All About Eyes
We depend on sight more than any other of our senses to maneuver through the space around us. In a single glance, lasting a fraction of a second, our eyes work with our brains to tell us the size, shape, color, and texture of an object. They let us know how close it is, whether it's standing still or coming toward us, and how quickly it's moving. Every day, our eyes give us messages that help us understand the world around us.
Although the eyes are small compared with most of the body's other organs, their structure is incredibly complex. The eyes work together to perceive depth, enabling us to judge distance and the size of objects to help us move around them. Not only do the two eyes work together, they also work with the brain, muscles, and nerves to produce complicated visual images and messages. And our eyes constantly adapt to the changing environment — for example, they are able to adjust so that we can easily move around in a nearly dark room or bright sunlight.

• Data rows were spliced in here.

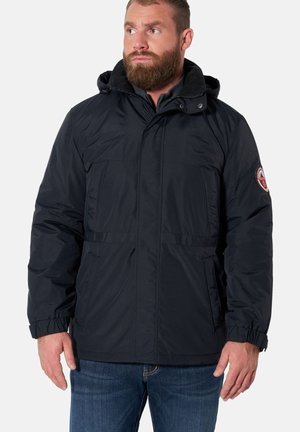 Mann mit Bart, der eine schwarze Winterjacke mit Kapuze und einem Aufnäher am Ärmel sowie blaue Jeans trägt und nach links schaut.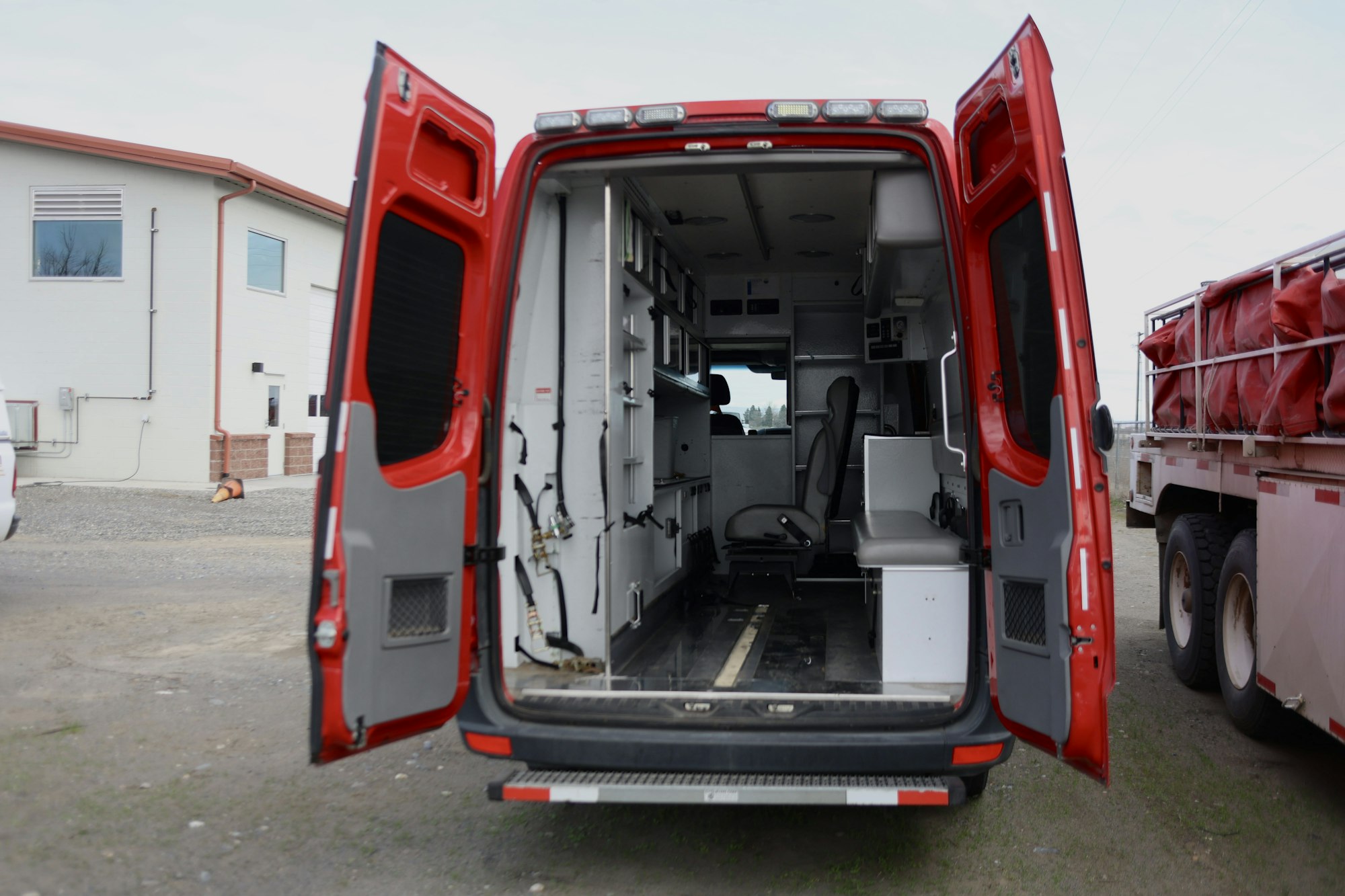 An open red ambulance van with interior seats and equipment visible.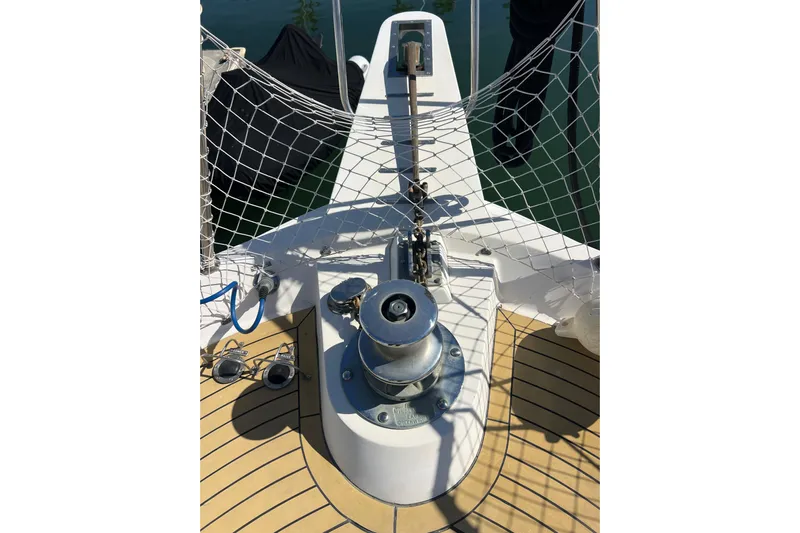 Kailani Yacht Photos Pics Bow of 1991 Viking 63 Motor Yacht with anchor winch and safety netting.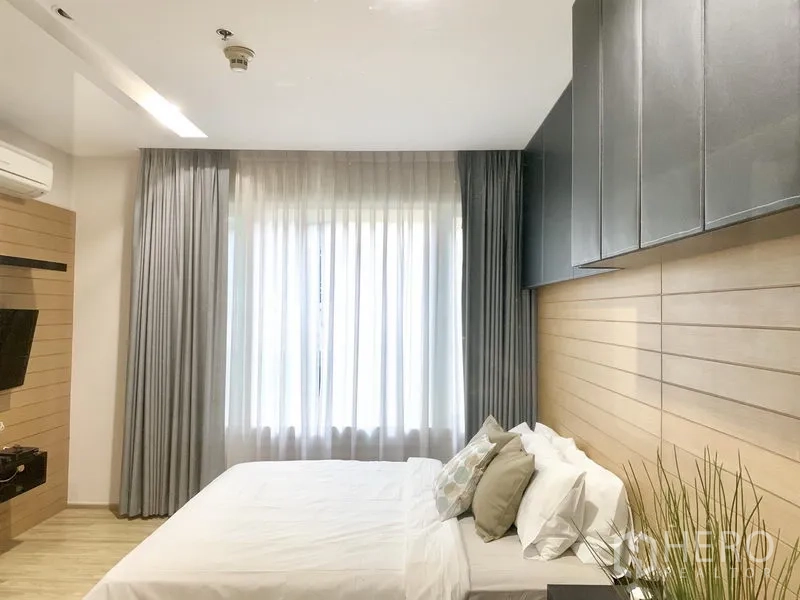 คอนโด ให้เช่าในKhlong Toei, Bangkok - ห้องนอนรับแสงธรรมชาติ หน้าต่างบานกว้าง ผ้าม่านโปร่ง ผนังลายไม้ ชุดเครื่องนอนสีขาว และตู้แขวนด้านบน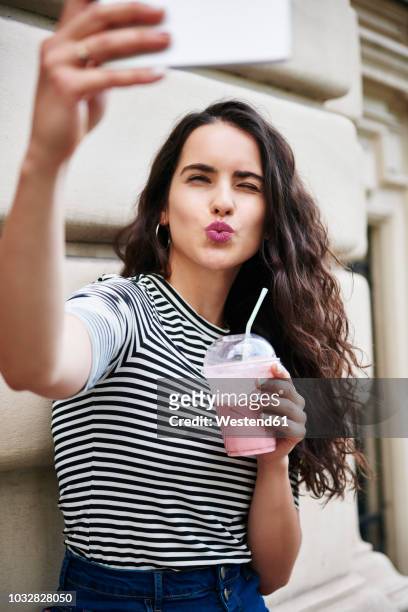 young woman taking a selfie in the city - puckering stock pictures, royalty-free photos & images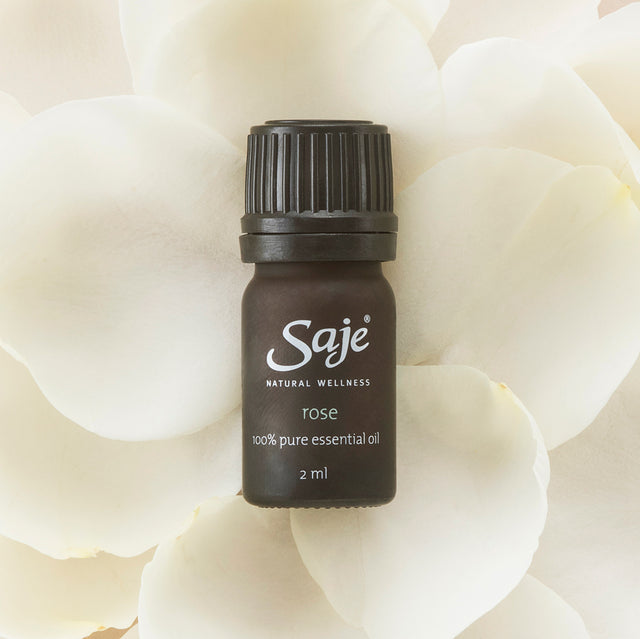 Rose pure essential oil 2ml bottle with cap on on top of white rose pedals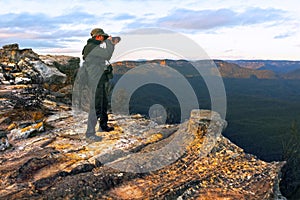Travel photographer photographing the landscape from  Lincoln Rock Lookout at sunrise of the Grose Valley located within the Blue
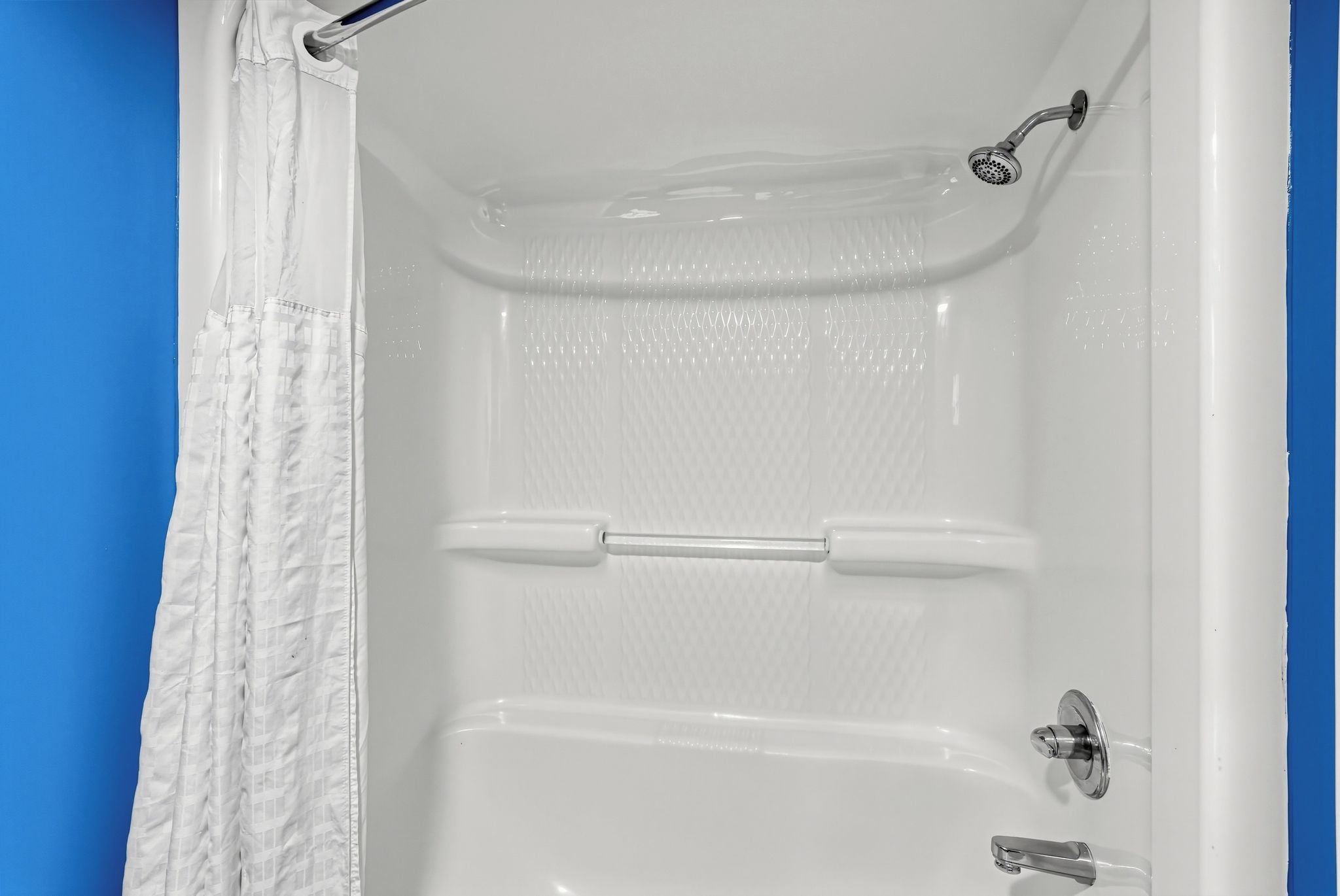 Una bañera blanca con cabezal de ducha, toallero y grifo.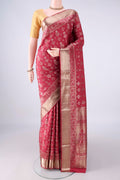 Pure Silk Coral Soft Saree with Zari Butta on the body and Zari Border.  displayed on a mannequin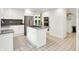 Kitchen features white cabinetry, granite countertops, stainless steel appliances, and tile flooring at 944 Briar Patch Ln, Greenwood, IN 46142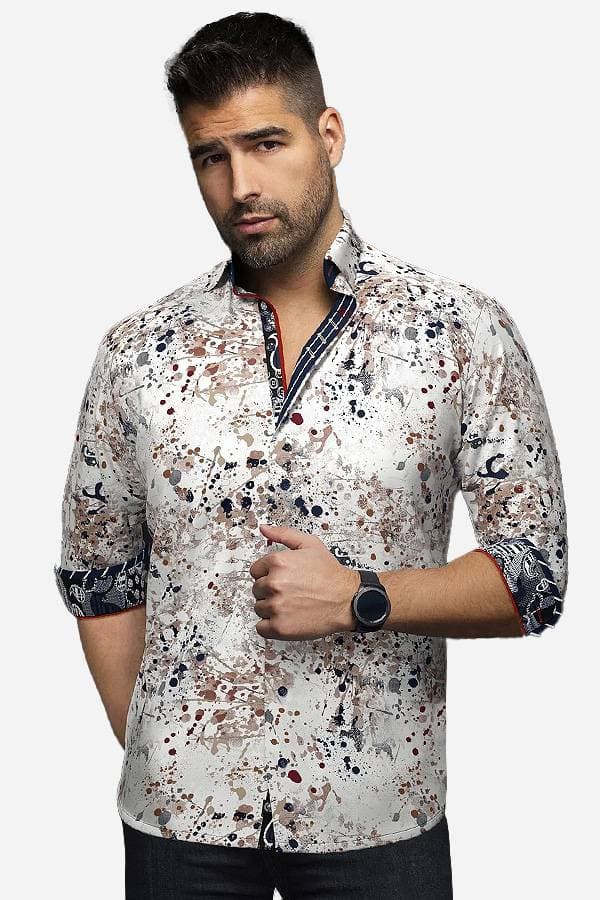 A man wearing a white button-up shirt with an abstract paint-splatter pattern in shades of brown, navy, and beige. The shirt features rolled-up sleeves and contrasting inner collar details, adding a unique, artistic flair to his look.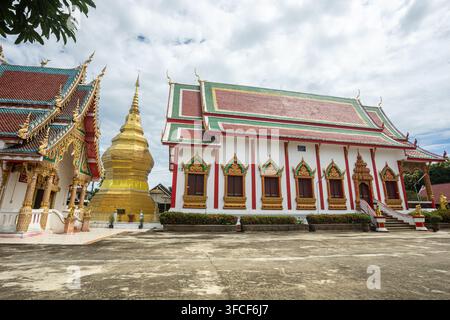 Dok kham tai, Phayao, Thailand - 27. August 2026: Wat Don Lek, goldener Chedi neben der Tempelhalle mit gestuftem rot-grünem Dach Stockfoto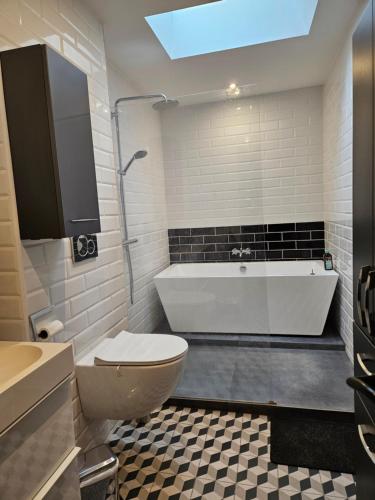 a bathroom with a tub and a toilet and a sink at Maison typique bordelaise in Bordeaux
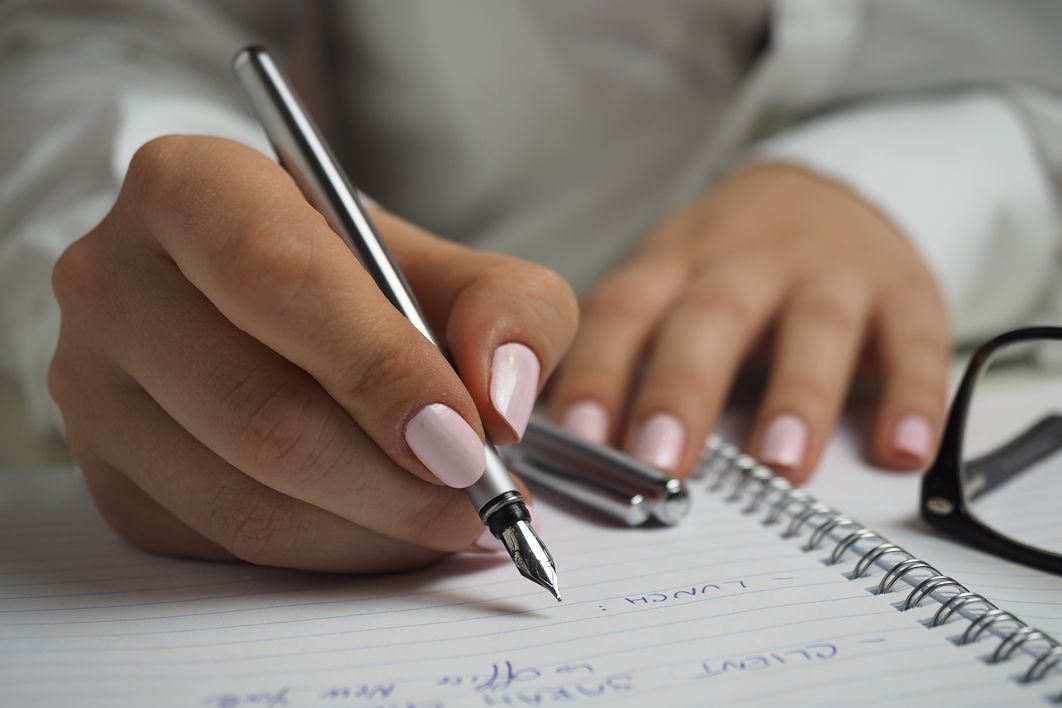 Woman Writing Notepad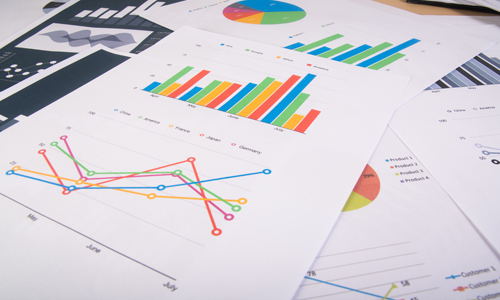 Business report. Graphs and charts. Business reports and pile of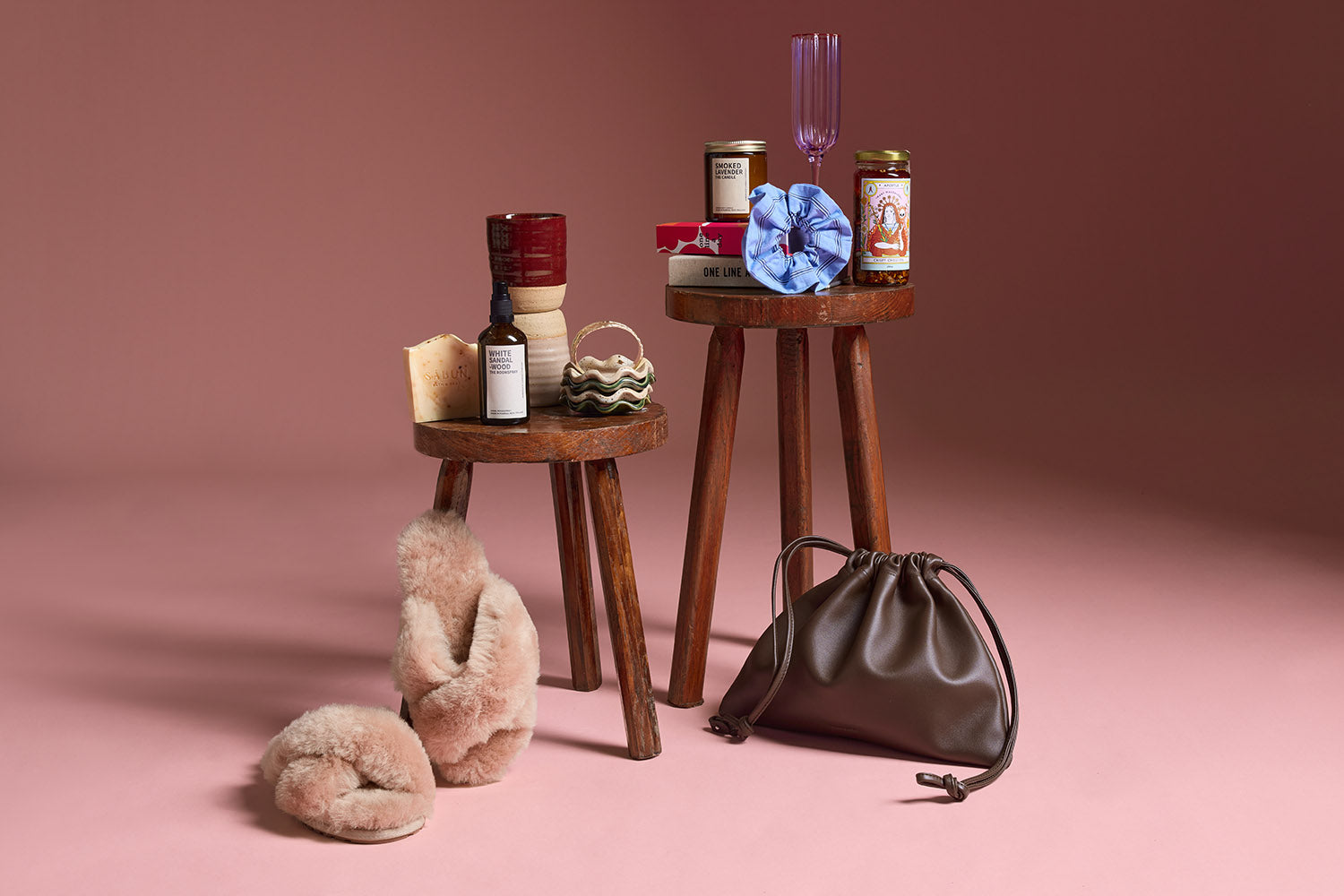 A collection of gifts on a blue background, including handbags, a straw hat, sunglasses, mugs, beauty products, a striped shirt, flowers, a candle, playing cards, and a book.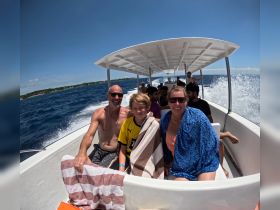 A joyful family enjoys a boat ride on the ocean, capturing the essence of fun and adventure on the water.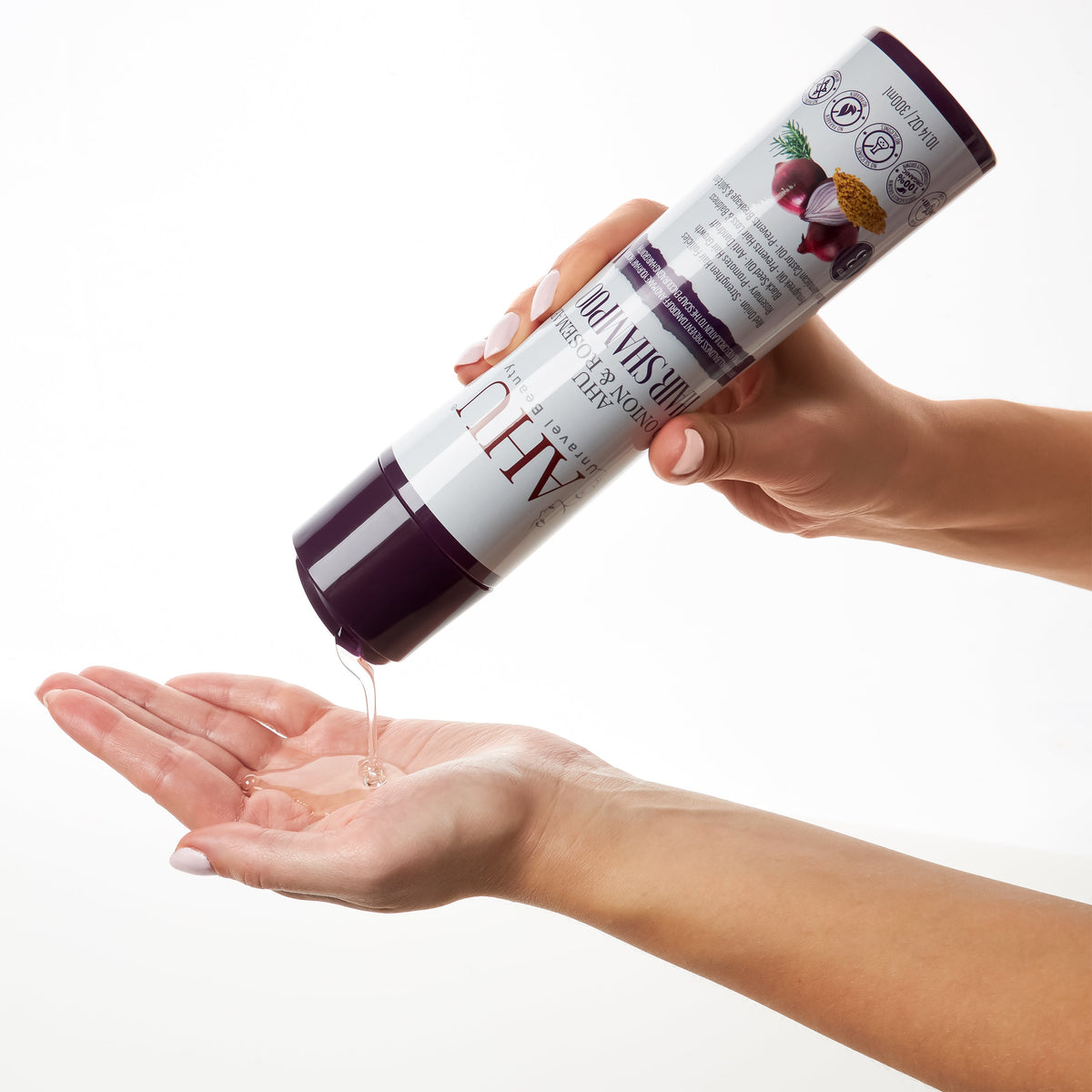 Hands holding the AHU Red Onion & Rosemary Hair Shampoo bottle and dispensing shampoo onto an open palm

To understand more about how the eyes work, it's important to know about the structures that make up the eye and about conditions and diseases that can interfere with vision.
How Eyes Work
Only part of the eye is visible in a person's face. The whole eye — the eyeball — is about the size and shape of a ping-pong ball.
The eye — both the parts that are visible and those that aren't — is extremely delicate. The body has several ways of protecting this vulnerable organ. The eyeball sits in the eye socket (also called the orbit) in a person's skull, where it is surrounded by bone. The visible part of the eye is protected by the eyelids and the eyelashes, which keep dirt, dust, and even harmful bright light out of the eye.
Our eyes are also protected by tears, which moisten the eyes and clean out dirt, dust, and other irritants that get past the defenses of our eyelashes and eyelids. Tears also help protect the eyes against infection.
Every time we blink, our eyelids spread a layer of mucus, oil, and tears over the cornea, which covers the eye. The lacrimal glands in the upper outer corner of each eye socket produce tears.
After they've done their job moistening the eyes, the tears flow into canals in the eyelids, which drain into the lacrimal sac, a pouch in the lower inner corner of each eye socket. Tears then exit through a passage which leads to the nose.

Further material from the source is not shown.